Jared Diamond dalam buku terbarunya Upheaval dengan brilian mengajukan tesis bahwa kemunculan media sosial menjadi salah satu penyebab terbesar polarisasi di masyarakat. Mungkin ada bertanya apa hubungannya media sosial dengan polarisasi yang terjadi?
Harus diakui bahwa media sosial juga adalah inovasi yang mengagumkan di dekade ini. Dengan media sosial kita bisa terhubung dengan siapapun dan kapanpun di seluruh dunia. Dengan media sosial kita bisa mengetahui isu-isu paling hangat hanya dalam hitungan detik dan dalam genggaman jari. Namun juga tidak dapat disangkal bahwa media sosial di samping segala manfaatnya juga menyimpan banyak efek negatifnya.
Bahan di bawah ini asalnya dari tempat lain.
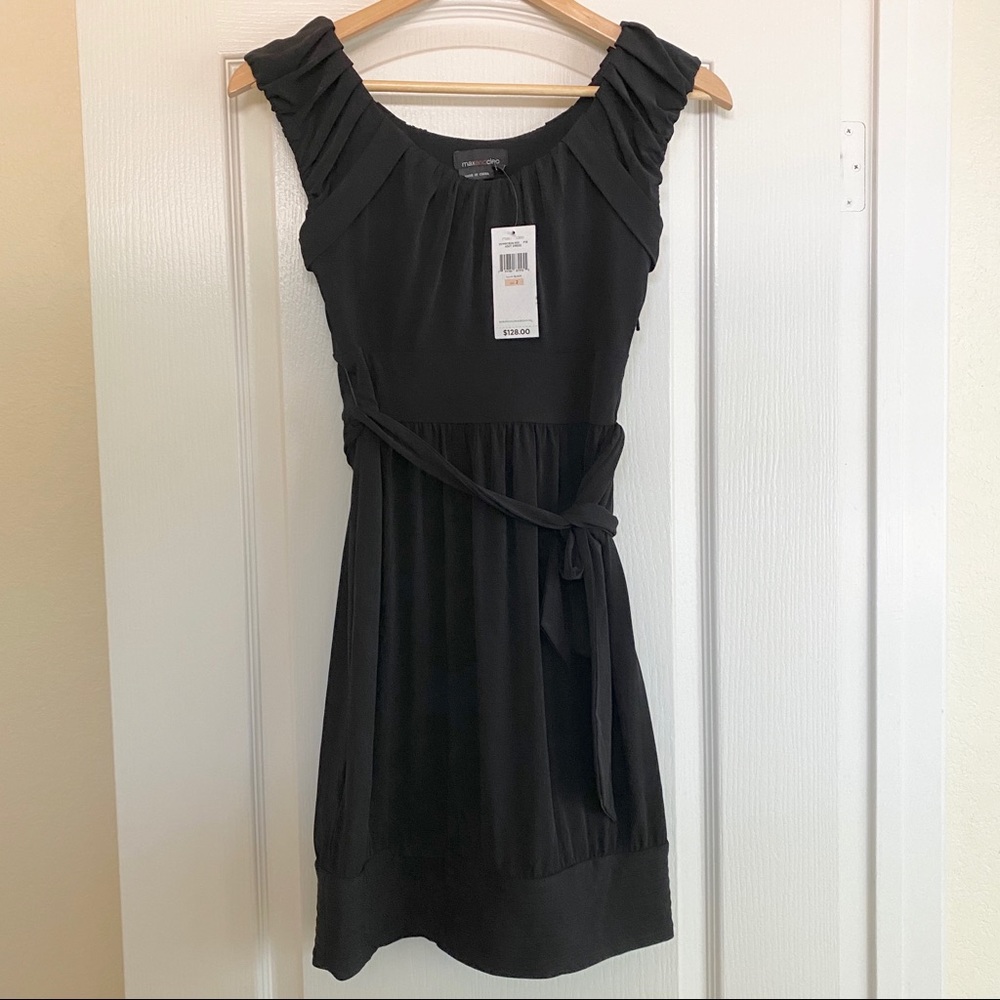 Max and Cleo knit dress size 2 NWT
Ada banyak riset yang telah mengaitkan media sosial dengan penurunan social skill dari millennial yang menggunakannya dengan rutin. Dan dampak negatif yang akan kita bahas di sini adalah polarisasi di masyarakat. Bagaimana sebenarnya media sosial bisa membelah masyarakat ke kutub-kutub yang berbeda?
Sebelum ada media sosial (yang kerap disebut sebagai new media), televisi, radio, dan koranlah yang menjadi sumber utama informasi bagi setiap kita. Lewat televisi, radio, dan koranlah kita mengetahui peristiwa apa saja yang sedang terjadi baik itu politik, ekonomi, sosial, dan lainnya. Lantas apa yang membedakan media-media ini dengan social media?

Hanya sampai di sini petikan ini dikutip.